It’s summer and we want to cook everything outside. So here’s a recipe for fresh corn and scallops on the grill.

Scallop with Corn MelangeIngredients:

9 Fresh sea scallops
3 Ears of fresh corn
2 Tbl olive oil for sauté, more for grilling
Half a red pepper, diced
2 large cloves of garlic, minced
1 medium tomato, 4 or 5 oz. , chopped
1 medium yellow onion, 4 oz., diced
1/3 cup of fennel, chopped
1 tsp fennel fronds, minced
2 tsp fresh dill, minced
Grated rind of 1 lime
Lime juice from half the lime
1/4 cup of fresh cilantro, minced
Salt and pepper to taste

More cilantro and lime juice for garnish

Heat the grill.
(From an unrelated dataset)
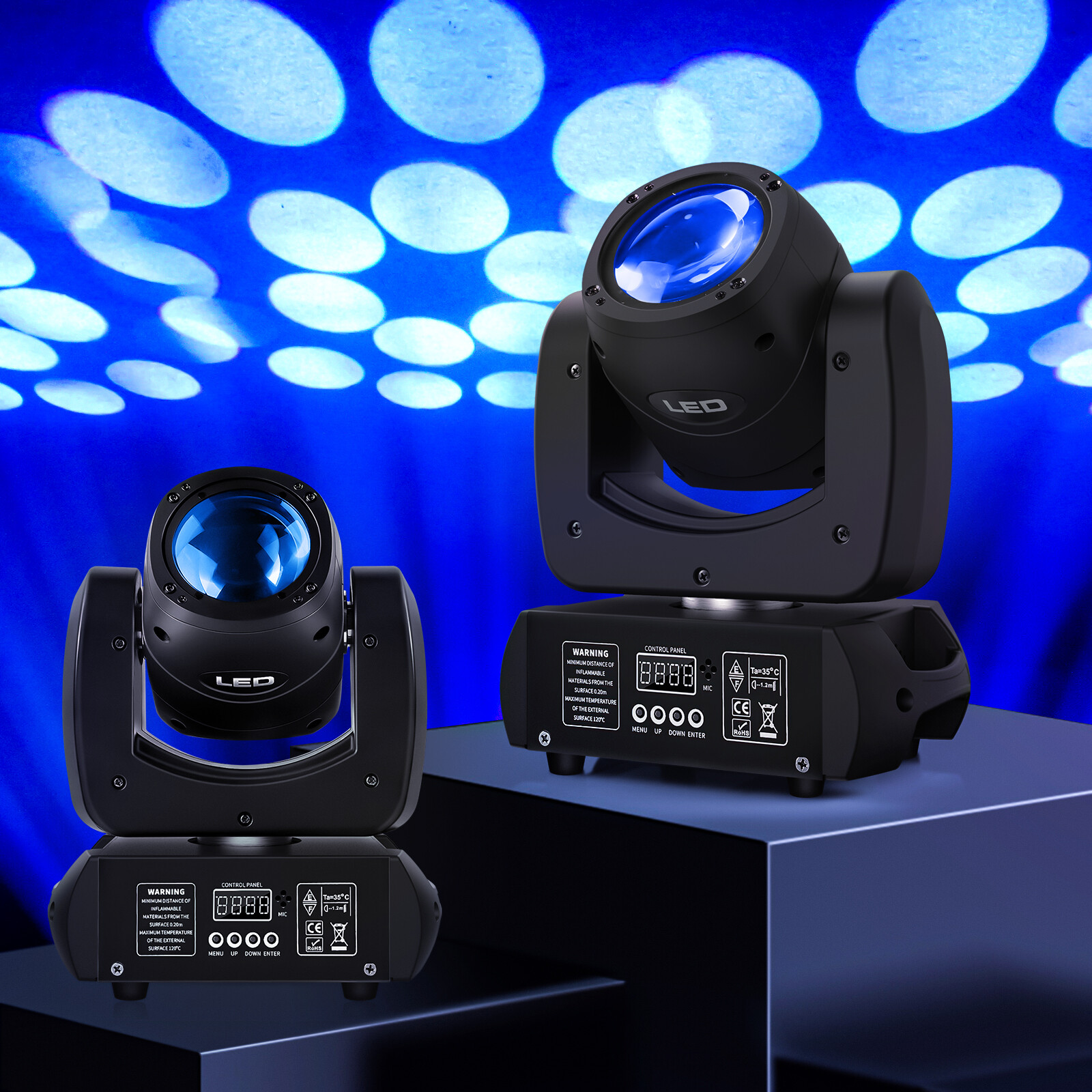 8PCS 120W LED GOBO Moving Head Light RGBW Beam Stage Spot Lighting DJ Disco DMX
While heating roll corn in olive oil. When the grill is hot place the corn on the grill, turning every 5 minutes until charred on all sides. When done remove from the grill and cool.
When cool cut the kernels from the cob. Reserve.

While grilling chop and mince the vegetables and herbs. Heat the 2 T. of olive oil in a skillet.
Cook the onions until starting to brown. Then add the peppers and garlic. Cook 1 minute. Add the tomato, fennel, minced fennel and dill. Cover and cook a few minutes until the corn is cooked through.

Roll the scallops in olive oil, season with salt and pepper. Grill for 2 minutes on each side.

Remove the lid from the corn mixture and add the lime rind, juice of half the lime and the cilantro. Stir.

Divide corn melange between 3 plates. Top with three scallops each. Squeeze the juice from the second half of the lime over the scallops. Garnish with chopped cilantro and serve hot.